__Try it__
When the line containing "hall with baseboards, an" is found in the data below, give it again along with every later line, exactly; drop the pictures.

__Data in this exercise__
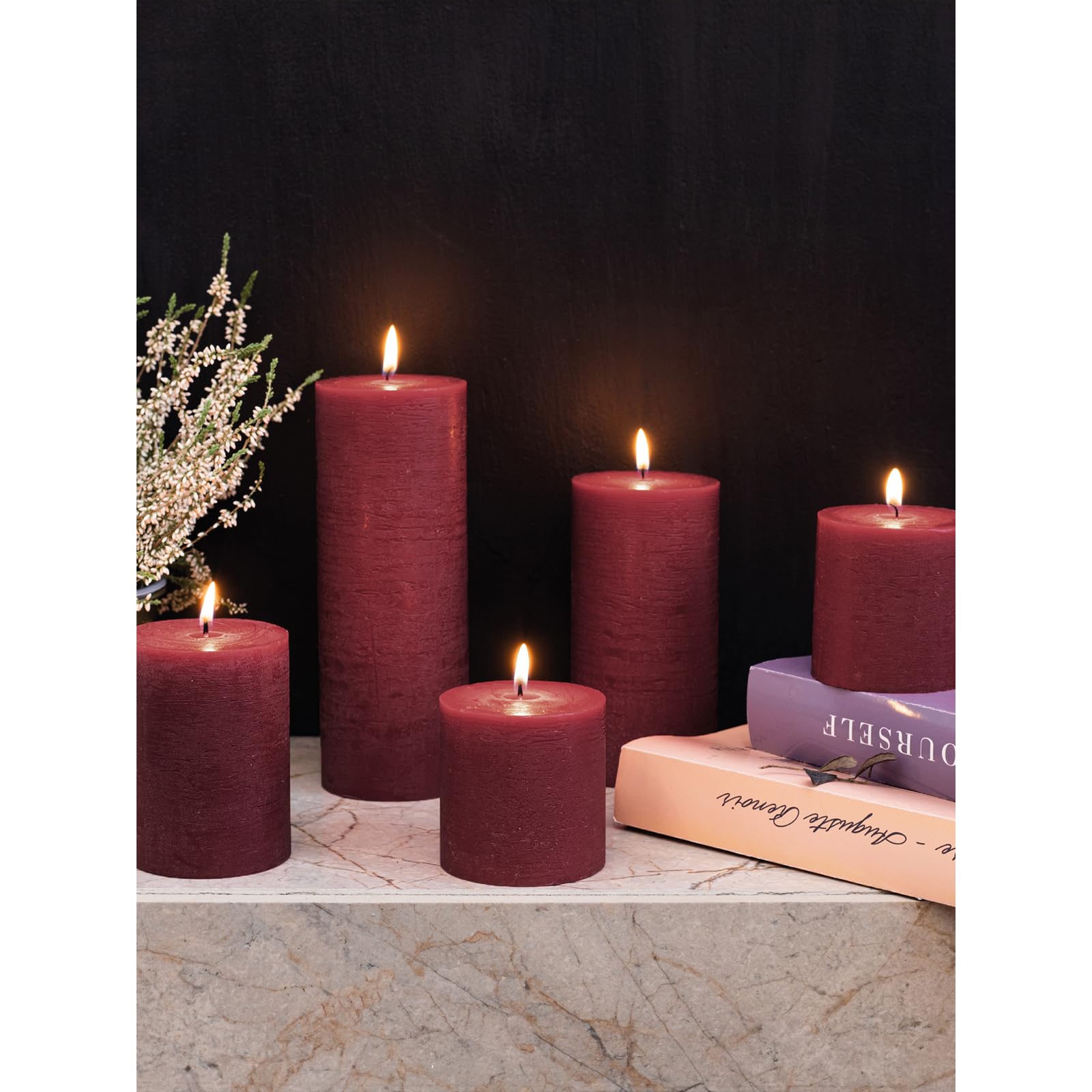 CANDWAX candle held next to a hand showing scale benefit: clear size reference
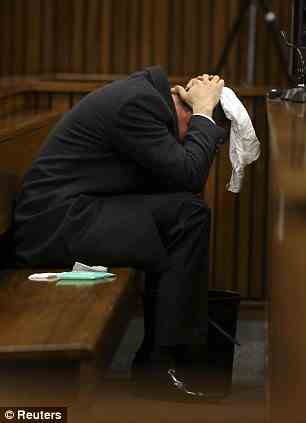 Pistorius covers his head with a handkerchief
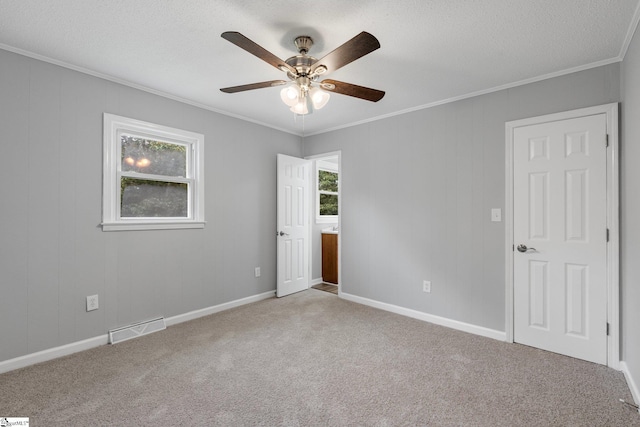 spare room featuring a textured ceiling, crown molding, carpet flooring, and ceiling fan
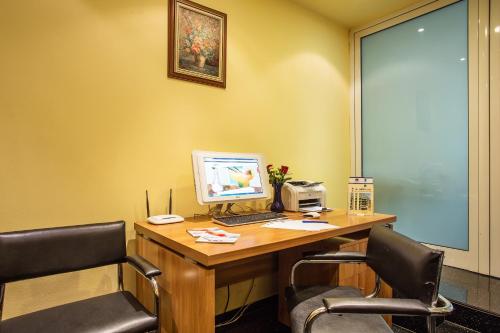 an office with a desk with a computer and two chairs at Europe Hotel in Sofia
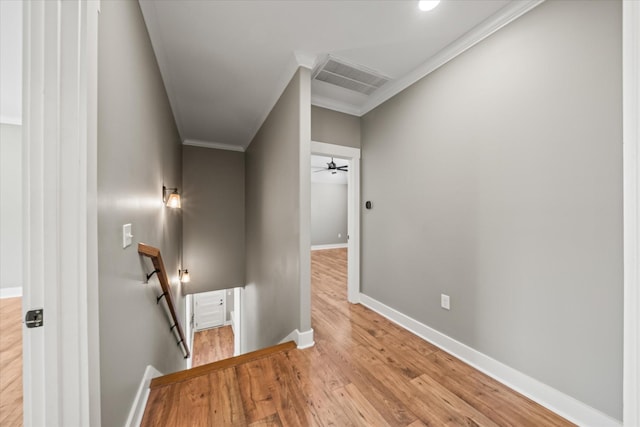 hall with baseboards, an upstairs landing, visible vents, and ornamental molding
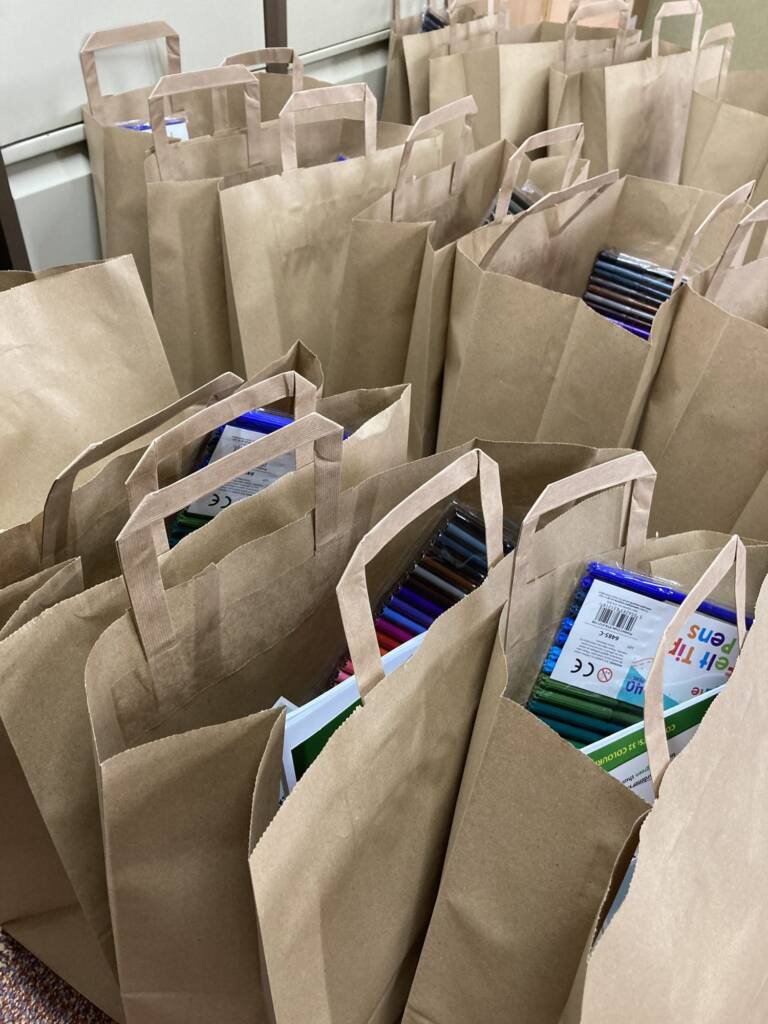 Paper bags packed with felt-tip pens and craft supplies, ready to hand out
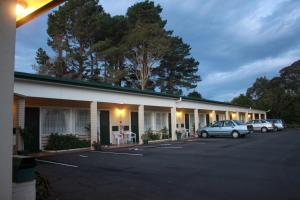 a building with cars parked in a parking lot at The Tree Motel in Narooma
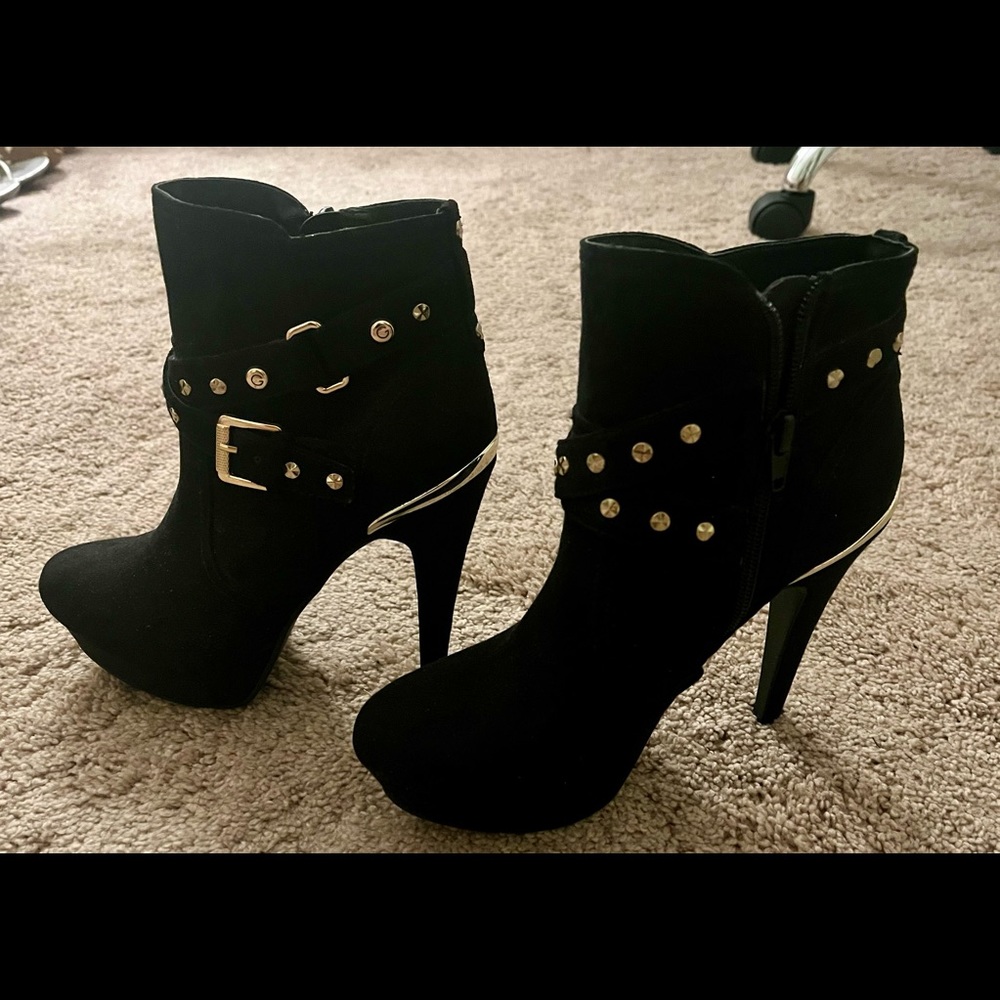 GByGuess black platform boots with gold accessories about 4.5@ high, size 5.5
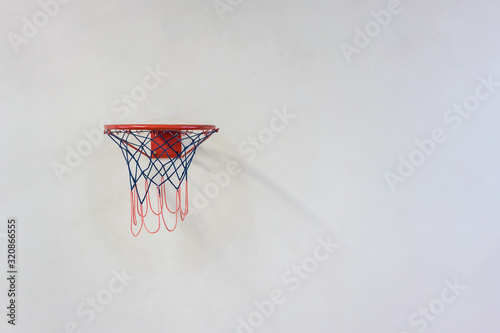 basketball hoop hanging on grunge wall in town street © Bonsales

__Exercise solution__
 hall with baseboards, an upstairs landing, visible vents, and ornamental molding
 Paper bags packed with felt-tip pens and craft supplies, ready to hand out
 a building with cars parked in a parking lot at The Tree Motel in Narooma
 GByGuess black platform boots with gold accessories about 4.5@ high, size 5.5
 basketball hoop hanging on grunge wall in town street © Bonsales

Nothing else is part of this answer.